A global manufacturer of steel pipe products agreed to pay more than $78 million to the Securities and Exchange Commission (SEC) to settle charges it violated the Foreign Corrupt Practices Act (FCPA) by paying more than $10 million in bribes to a Brazilian government official.

Tenaris, based in Luxembourg, is alleged to have paid approximately $10.4 million between 2008 and 2013 to an official at Brazil state-owned entity Petrobras through its Brazilian subsidiary Confab Industrial to gain a competitive advantage in a bidding process, the SEC said Thursday in a press release.

The settlement represented the company’s second FCPA violation. In 2011, Tenaris entered into a nonprosecution agreement with the Department of Justice and a landmark deferred prosecution agreement (DPA) with the SEC to settle charges related to bribes the company paid to government officials to obtain business with a state-owned entity in Uzbekistan.

Without admitting or denying the SEC’s findings, Tenaris on Thursday agreed to pay more than $78 million in combined disgorgement, prejudgment interest, and civil penalties. Tenaris also agreed to report on the status of its efforts to revamp and improve its anti-corruption policies and procedures to the SEC every six months for the next two years.

“Tenaris failed for many years to implement sufficient internal accounting controls throughout its business operations despite known corruptions risks,” said Charles Cain, chief of the SEC Enforcement Division’s FCPA unit, in the press release. “This failure created the environment in which bribes were facilitated through a constellation of companies associated with its controlling shareholder.”

According to the SEC’s order, the bribes were worth about 0.5 percent of contracts between Confab and Petrobras.

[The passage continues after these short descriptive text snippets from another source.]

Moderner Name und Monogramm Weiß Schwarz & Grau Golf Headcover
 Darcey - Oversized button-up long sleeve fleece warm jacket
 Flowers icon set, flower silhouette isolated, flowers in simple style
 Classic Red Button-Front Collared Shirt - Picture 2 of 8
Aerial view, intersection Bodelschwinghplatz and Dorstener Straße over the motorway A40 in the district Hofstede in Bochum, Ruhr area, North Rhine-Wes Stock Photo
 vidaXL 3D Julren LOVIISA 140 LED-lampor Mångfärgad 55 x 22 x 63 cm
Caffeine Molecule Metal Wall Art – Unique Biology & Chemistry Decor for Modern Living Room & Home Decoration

The government official used his influence to forgo an international tender process for certain pipes and tubes, leaving Confab as the only local supplier.

The bribes were paid via a series of shell companies in Uruguay and Panama created and funded by San Faustin, a limited liability group based in Luxembourg that controlled Techint Group, a conglomerate that owned over 60 percent of Tenaris’s shares, according to the SEC. San Faustin also shared some officers and directors with Tenaris.

Fake contracts for purported past and future consultancy work were executed between the Uruguayan and Panamanian companies to conceal the bribe payments, the SEC said.

Compliance lessons: Despite known corruption risks in Brazil and Tenaris’s previous DPA regarding bribes paid in Uzbekistan, Tenaris “failed to devise and maintain a system of internal accounting controls sufficient to provide reasonable assurances to detect and prevent the payment of bribes and to adequately identify and disclose related party transactions,” the SEC said in its order.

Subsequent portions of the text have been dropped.